Goal of the exercise:
Nothing should appear in the answer except the lines below from the line containing "כרית ויסקו גל עם תמיכה לצוואר Dr.Whinsdorf" through the line containing "Кросівки Nike SB", copied exactly, with pictures left out.

Recorded information:
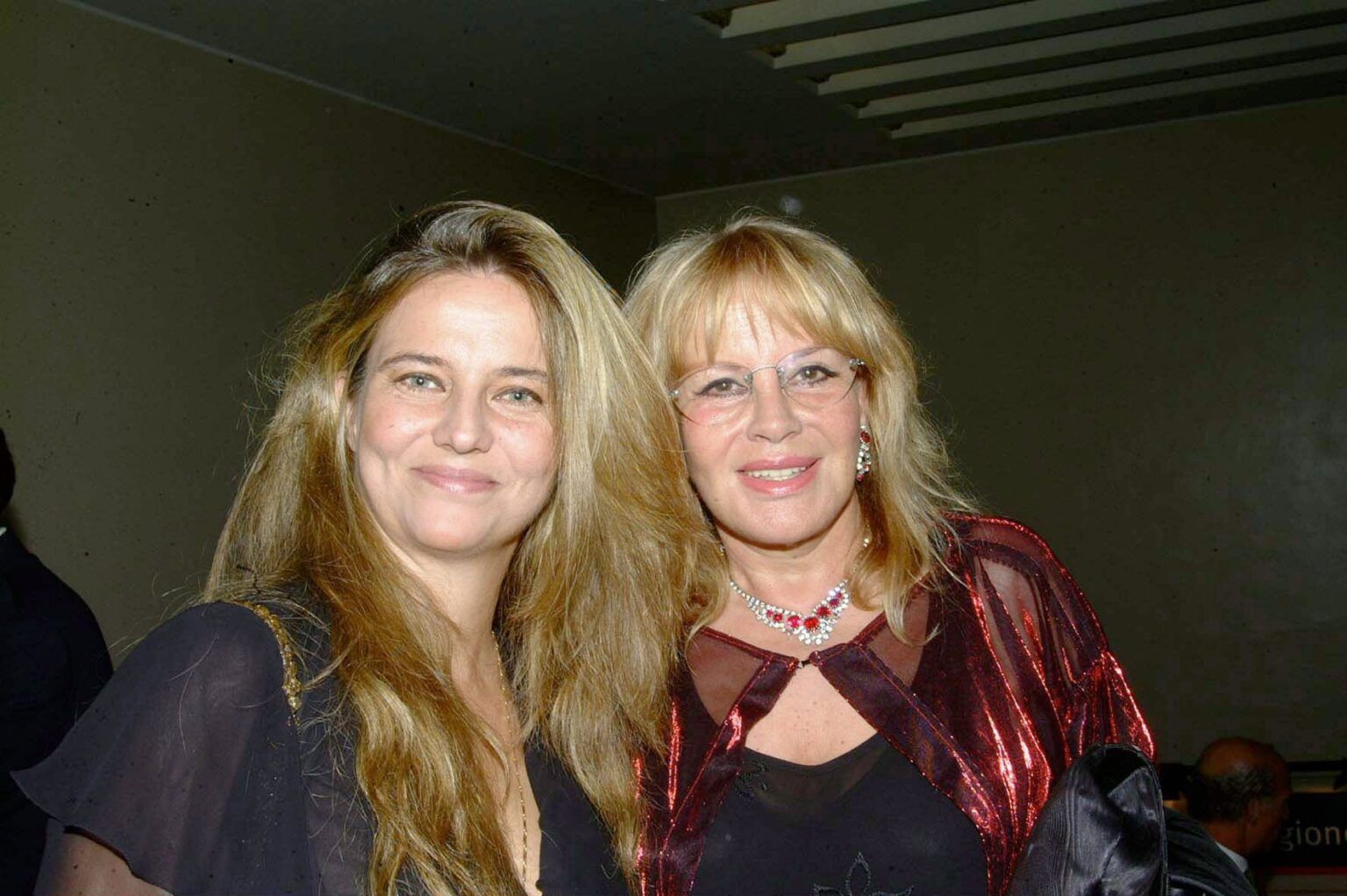 Antonella Interlenghi chi è, età, carriera, chi è il marito, vita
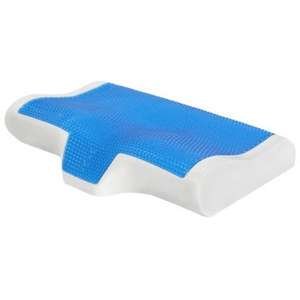 כרית ויסקו גל עם תמיכה לצוואר Dr.Whinsdorf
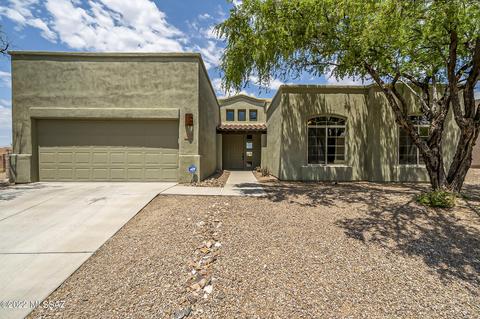 14035 E Fairway Bluff Ct, Vail, AZ 85641 photo 1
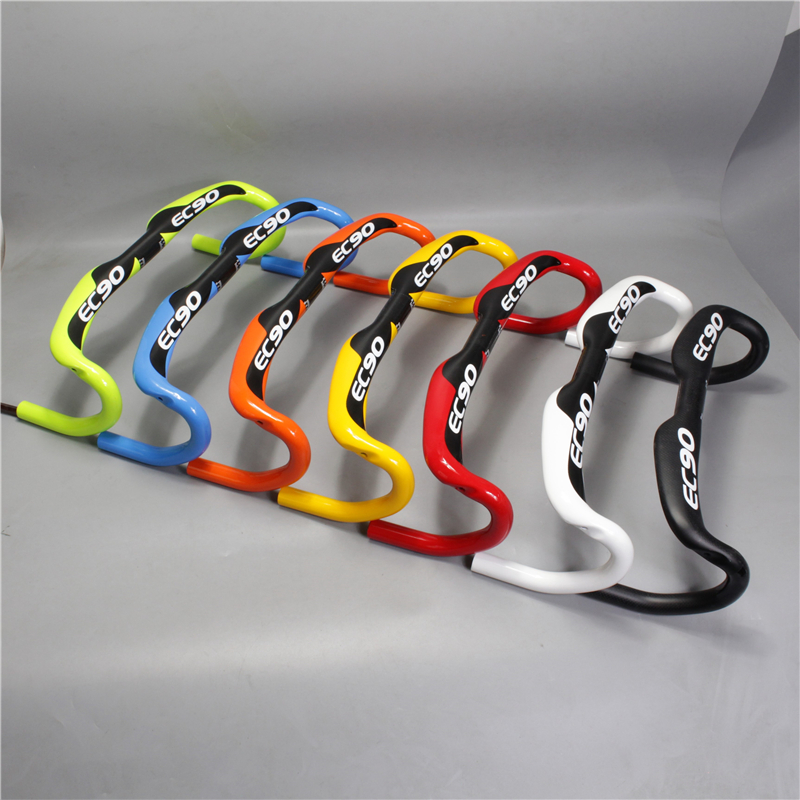 极速全碳纤维车把公路车把公路车弯把一体把 碳弯把 碳.把 碳纤把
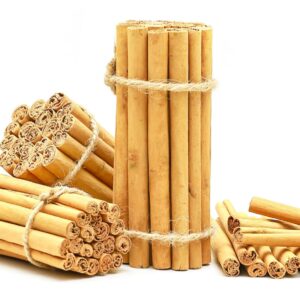 premium ceylon cinnamon sticks (c4/c5 grade)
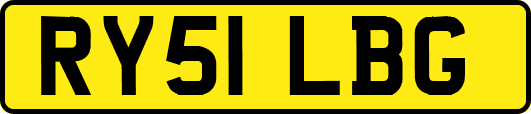 RY51LBG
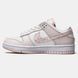 Кросівки Nike SB Dunk Low Pink White 13183-Рожевий-36 фото 1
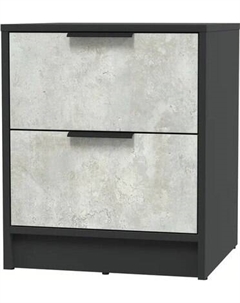 Прикроватная тумба Интерлиния Концепт КТ-ТК1-57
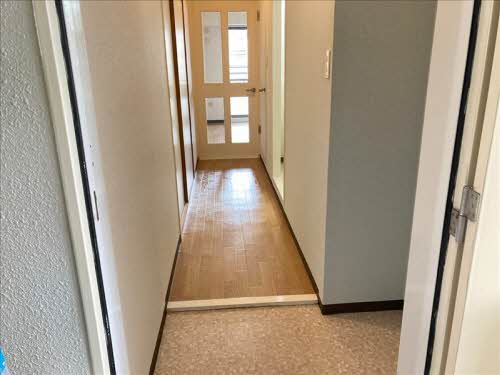 グロウブ東翠園 0202号-6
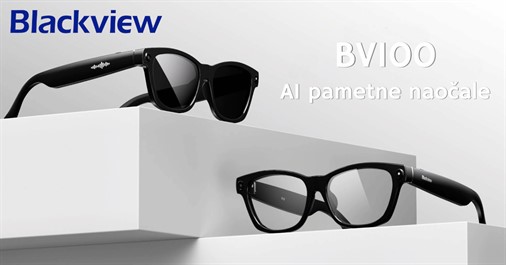 Zašto su Blackview pametne naočale sve popularniji izbor korisnika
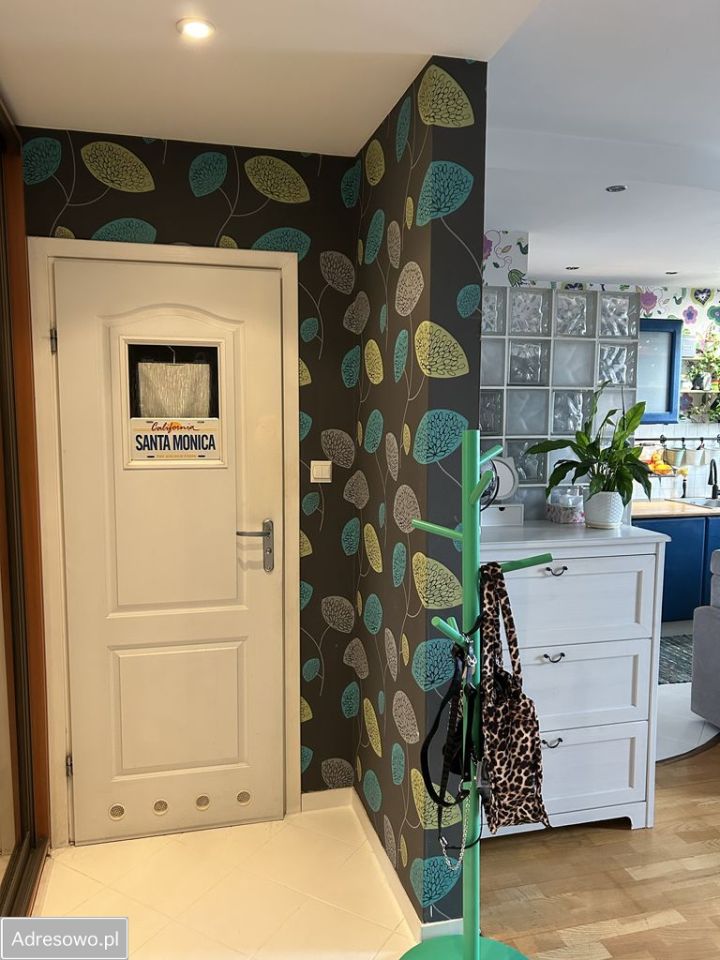 Mieszkanie 2-pokojowe Warszawa Ursus, ul. Dzieci Warszawy. Zdjęcie 8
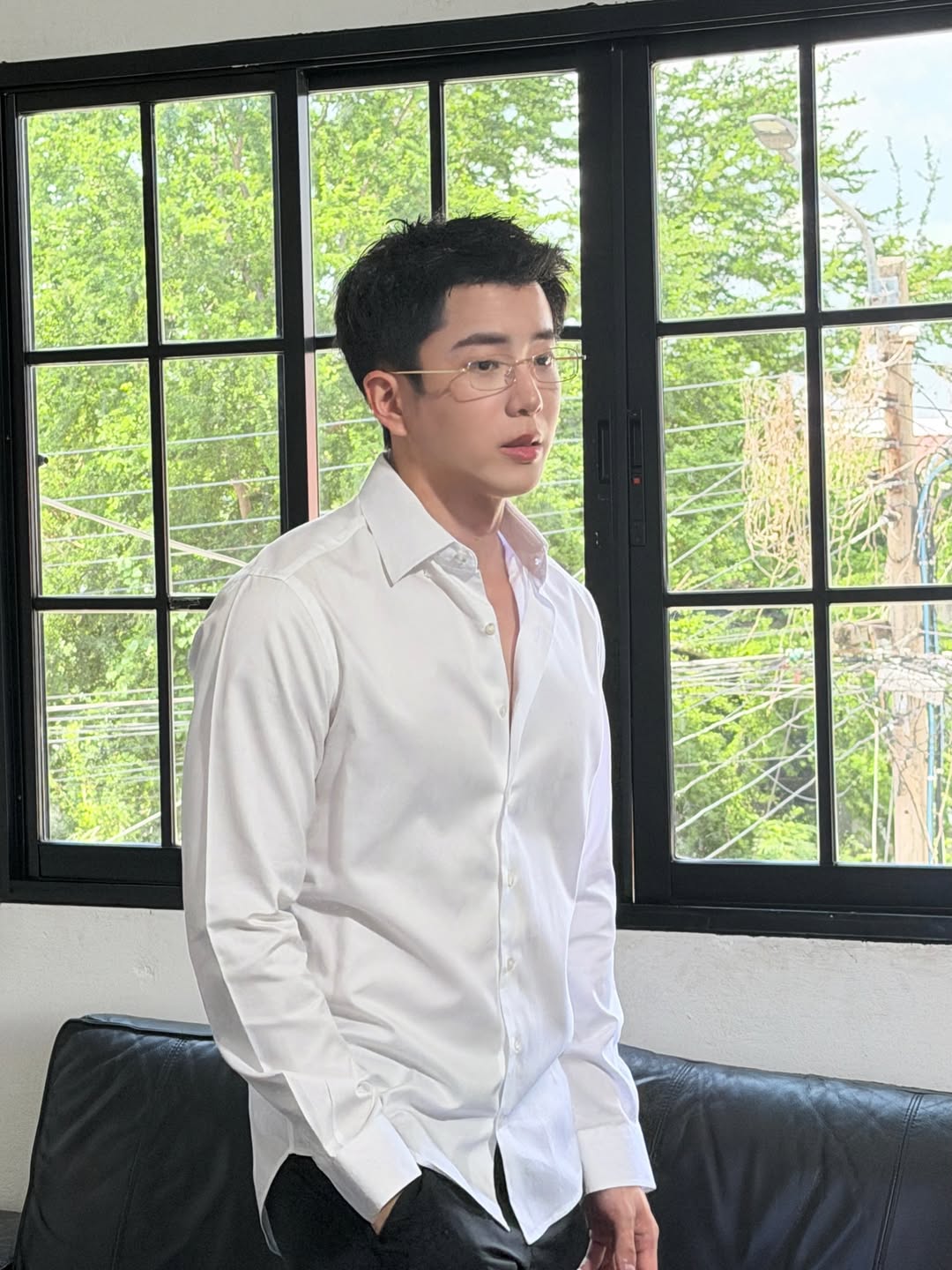 นน - ชานน สันตินธรกุล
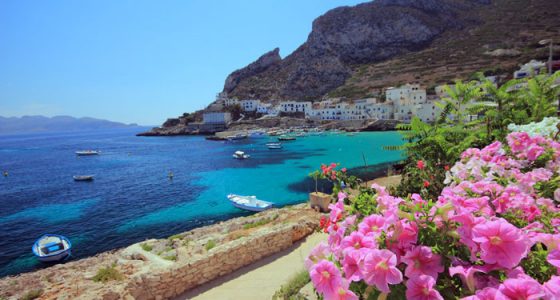 tour sicilia e isole egadi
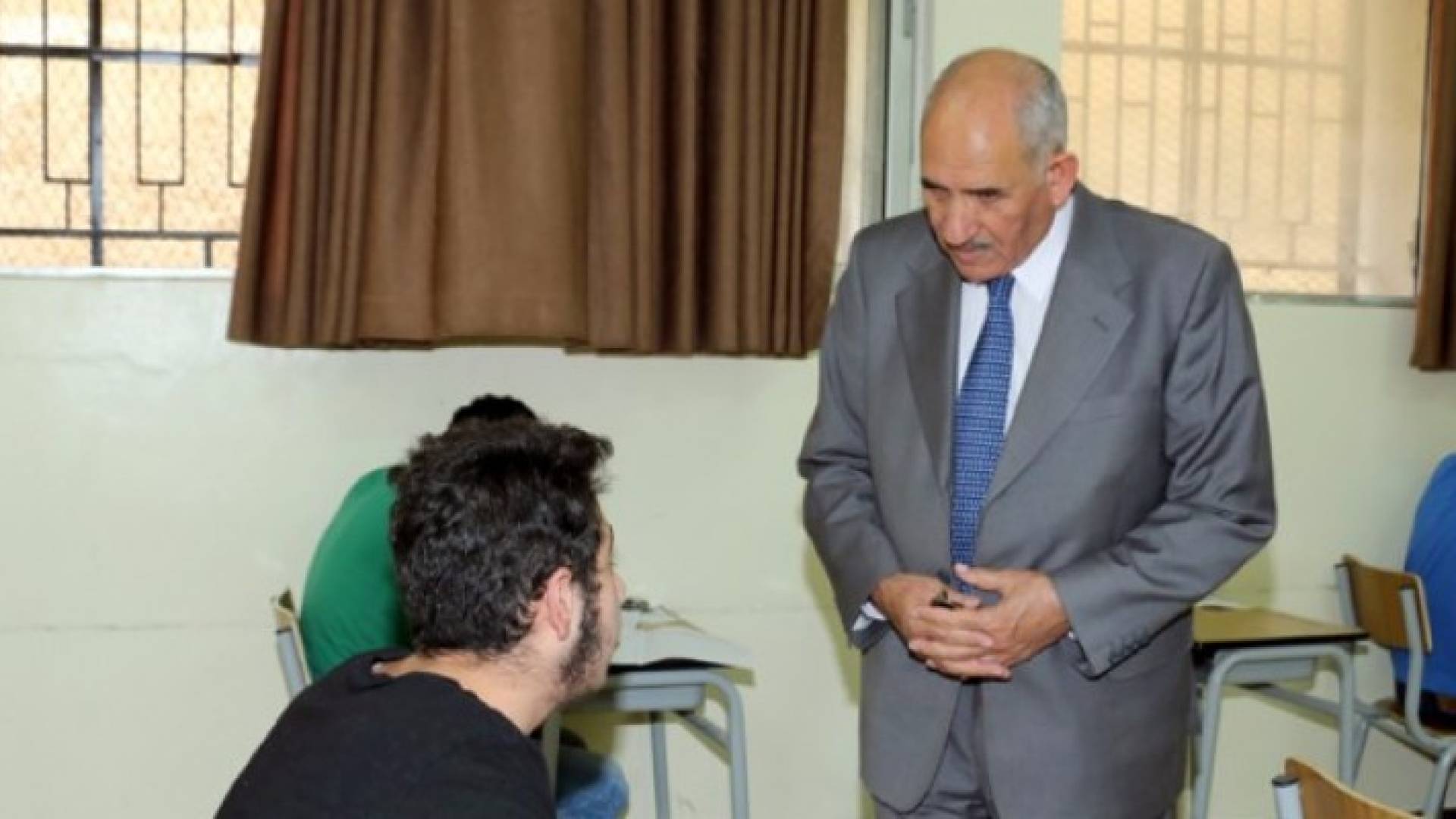 الصورة أرشيفية 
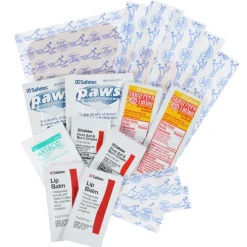 Crucial Care Outdoor First Aid Kit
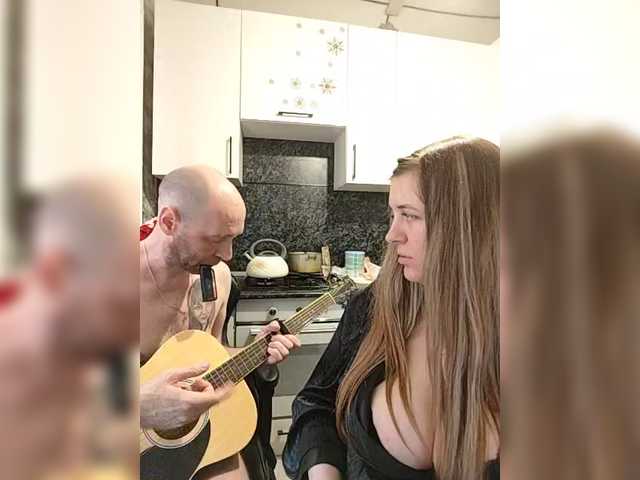 Innokentiy449's BongaCams show and profile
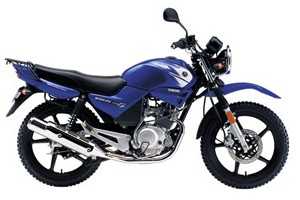 ������ Yamaha �����콣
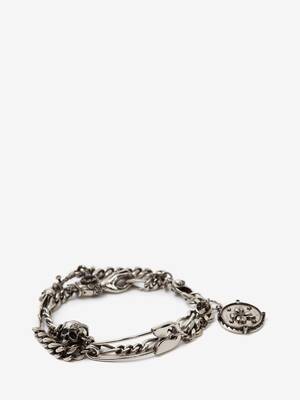 Bracelets | Alexander McQueen US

Response:
 כרית ויסקו גל עם תמיכה לצוואר Dr.Whinsdorf
 14035 E Fairway Bluff Ct, Vail, AZ 85641 photo 1
 极速全碳纤维车把公路车把公路车弯把一体把 碳弯把 碳.把 碳纤把
 premium ceylon cinnamon sticks (c4/c5 grade)
 RY51LBG
 Кросівки Nike SB Dunk Low Pink White 13183-Рожевий-36 фото 1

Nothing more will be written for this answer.